The oz_stego driver layers itself on top of the standard partition driver (if present) or on top of the disk driver. The cache routines are layered on top of the stego driver and the filesystem on top of the cache. Blocks in the cache are decrypted as they have passed through the oz_stego driver. When the cache wants to write, it writes to the oz_stego driver which encrypts the data and writes it to the disk.

How the data is formatted:

The first block of the partition was initially random data. The init command supplied the size you want the partition to be. Assuming a block size of 512:

• Take 6 bits of the hash of the key as an index and store the given size XOR'd with another 32 bits of the hash at the indexed longword in the random data
• XOR the size with yet another 32 bits of the hash, and store it in [previous index + another 6 bits of hash] of the random data
• Encrypt the block using the supplied key and write to the disk

When you go to mount the partition, you give it the key, so it is easy for it to check to make sure you gave it the correct key as it looks in just the right spots of the first block.

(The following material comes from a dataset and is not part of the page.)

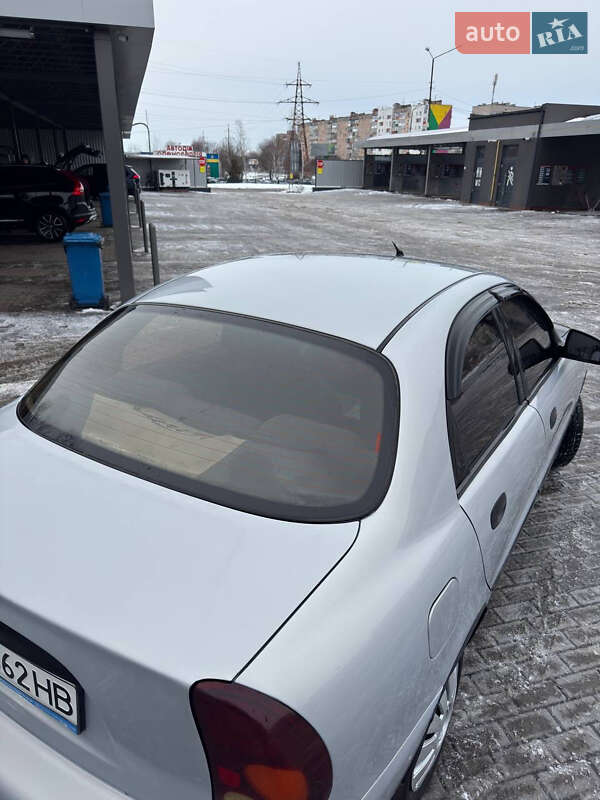 Седан ЗАЗ Lanos 2014 в Александрие фото 12 Седан ЗАЗ Lanos 2014 в Александрие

The rest of the partition consists of standard encryptions of the data blocks. However, the blocks are rotated in the disk. So LBN 5 of the stego disk might be stored in block 25 of the partition, LBN 6 is stored in LBN 26, etc. The rotation factor is based on part of the key. This is done so an attacker can't tell where any known plaintext blocks are (like the home block or root directory). I wanted to do some interleave based on part of the key hash, but then transfers would only be done a block at a time and it doesn't add much more security.